What is needed now is for organisations of the working class, the peasantry, the poor and all the oppressed, the victims of the IMF and the government, to unite around a programme of action. The trades unions, left wing parties and organisations need to wage a common struggle against the attacks and for an alternative solution to the current crisis. For this we propose a series of key demands to solve the crisis in the interest of the working class.

For example, the minimum wage should be sufficient to allow a decent quality of life for workers. Workers’ wages should be linked to inflation. For every one percent increase in inflation, there should be a one percent increase in wages.

In order to impose such a demand and to fight effectively, the currently fragmented trade unions, which organise only a small percent of the 60 million strong working class, and the very weak left wing organisations, will not be enough. They need to campaign for mass assemblies and the election of councils of action in all workplaces, private or public, in working class estates, in town and countryside.

Thereby the presently unorganised can be organised and engage in joint struggle with the existing unions and left parties, rallying the workers and poor to mass demonstrations, occupations and mass strike action to repeal the IMF programme and to make the rich pay for the crisis. Such organs could also control the implementation of demands like a minimum wage and the indexation of wages and social benefits or pensions.

Instead of privatisation, state-run institutions should be handed over to the democratic control of the working class. All the institutions that have shut down after privatisation should be re-nationalised under workers‘ control. Those institutions whose management has been handed over to the private sector should be put under the democratic control of the working class, thereby reversing all kinds of privatisation.

Instead of cutting jobs, working hours should be reduced to prevent unemployment. The education and health budgets should be increased by imposing a wealth tax on capitalists, big landowners, multinational companies and other rich sections of society. New healthcare centres and educational institutions could be set up on this basis.

There must be an end to all tax exemptions and subsidies for the capitalist and landowning class. Massive funding should be directed towards increasing the productivity of agriculture, especially to meet the consumption need of the masses. The land should be expropriated from big landowners and handed over to the peasantry and rural labourers. Price control committees, linking the rural producers to the workers in the cities, should be established.

The budget for development projects must be increased on a large scale so that social facilities and free homes for the working class as well as the rural and urban poor may be constructed.
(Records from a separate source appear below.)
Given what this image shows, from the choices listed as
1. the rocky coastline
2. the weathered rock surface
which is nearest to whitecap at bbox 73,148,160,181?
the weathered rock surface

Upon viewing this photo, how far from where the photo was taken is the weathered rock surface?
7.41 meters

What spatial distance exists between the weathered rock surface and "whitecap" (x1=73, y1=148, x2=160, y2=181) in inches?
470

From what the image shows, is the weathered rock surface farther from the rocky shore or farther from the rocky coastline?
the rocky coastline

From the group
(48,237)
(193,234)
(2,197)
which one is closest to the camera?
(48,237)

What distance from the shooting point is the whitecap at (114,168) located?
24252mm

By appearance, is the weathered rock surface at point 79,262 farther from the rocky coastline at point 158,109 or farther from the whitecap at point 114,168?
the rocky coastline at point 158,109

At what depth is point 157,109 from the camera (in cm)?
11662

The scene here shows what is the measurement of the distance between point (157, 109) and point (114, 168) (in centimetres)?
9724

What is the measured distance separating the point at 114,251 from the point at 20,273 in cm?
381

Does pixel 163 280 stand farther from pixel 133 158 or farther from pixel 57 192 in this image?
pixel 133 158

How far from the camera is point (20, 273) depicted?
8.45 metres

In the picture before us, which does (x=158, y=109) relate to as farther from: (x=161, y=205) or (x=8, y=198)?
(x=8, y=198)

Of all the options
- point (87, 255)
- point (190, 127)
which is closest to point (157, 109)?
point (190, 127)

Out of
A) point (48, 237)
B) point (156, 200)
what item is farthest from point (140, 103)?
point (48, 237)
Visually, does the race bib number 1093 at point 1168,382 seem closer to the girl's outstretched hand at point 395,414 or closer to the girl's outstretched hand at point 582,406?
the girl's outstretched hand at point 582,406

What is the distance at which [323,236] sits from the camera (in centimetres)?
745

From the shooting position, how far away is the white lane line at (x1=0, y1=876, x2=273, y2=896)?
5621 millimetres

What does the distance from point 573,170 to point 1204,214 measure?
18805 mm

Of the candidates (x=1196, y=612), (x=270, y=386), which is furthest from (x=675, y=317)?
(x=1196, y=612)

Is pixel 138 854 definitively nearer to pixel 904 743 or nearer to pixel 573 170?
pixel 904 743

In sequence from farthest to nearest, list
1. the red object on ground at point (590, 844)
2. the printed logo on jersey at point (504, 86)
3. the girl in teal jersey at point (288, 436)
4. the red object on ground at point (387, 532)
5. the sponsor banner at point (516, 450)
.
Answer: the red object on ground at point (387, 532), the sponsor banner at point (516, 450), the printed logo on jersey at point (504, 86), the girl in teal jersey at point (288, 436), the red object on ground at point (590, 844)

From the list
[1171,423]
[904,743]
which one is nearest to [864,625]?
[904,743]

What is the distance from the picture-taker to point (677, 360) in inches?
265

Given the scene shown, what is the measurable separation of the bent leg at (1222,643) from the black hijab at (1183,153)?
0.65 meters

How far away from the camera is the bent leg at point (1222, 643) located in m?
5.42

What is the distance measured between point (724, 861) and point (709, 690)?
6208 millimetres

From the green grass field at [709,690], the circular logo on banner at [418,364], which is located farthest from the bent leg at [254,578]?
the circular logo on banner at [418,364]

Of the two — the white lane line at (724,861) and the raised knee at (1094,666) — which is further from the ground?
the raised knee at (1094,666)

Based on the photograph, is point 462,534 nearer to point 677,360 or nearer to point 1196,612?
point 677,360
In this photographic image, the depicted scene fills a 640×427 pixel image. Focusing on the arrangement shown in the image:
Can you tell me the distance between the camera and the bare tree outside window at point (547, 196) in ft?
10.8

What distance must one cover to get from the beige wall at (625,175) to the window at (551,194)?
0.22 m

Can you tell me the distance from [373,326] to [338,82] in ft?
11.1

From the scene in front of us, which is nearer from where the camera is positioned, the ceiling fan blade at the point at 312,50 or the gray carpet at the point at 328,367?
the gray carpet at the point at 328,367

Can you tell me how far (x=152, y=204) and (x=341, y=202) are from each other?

Companies that produce electricity must be taken over by the state and put under the democratic control of the working class.

Rejection of the IMF programme, including refusal to repay the debts of global economic institutions, is a precondition for the planned and balanced development of the economy but all this can never be undertaken by a government committed to capitalism.

We need a government, based on the workers‘ own organisations which need to be created in the current struggle, to deal with the existing disastrous situation and defend the interests of the overwhelming majority of the population.

Support for such a strategy will not be spontaneous, it has to be won by a determined campaign. Those who see the need for a revolutionary strategy, whether in left parties or trade unions, need to organise themselves to fight for it in all working class organisations, as well as amongst the oppressed layers of society, women, youth and the oppressed nationalities.

They need to unite to discuss the political basis for a revolutionary working class party and to work out a programme of action, linking the struggle against the IMF with the struggle for a working class revolution in Pakistan and the entire region. In this way, we can fight back against the ruling class crisis and its attacks on the working class and poor in Pakistan.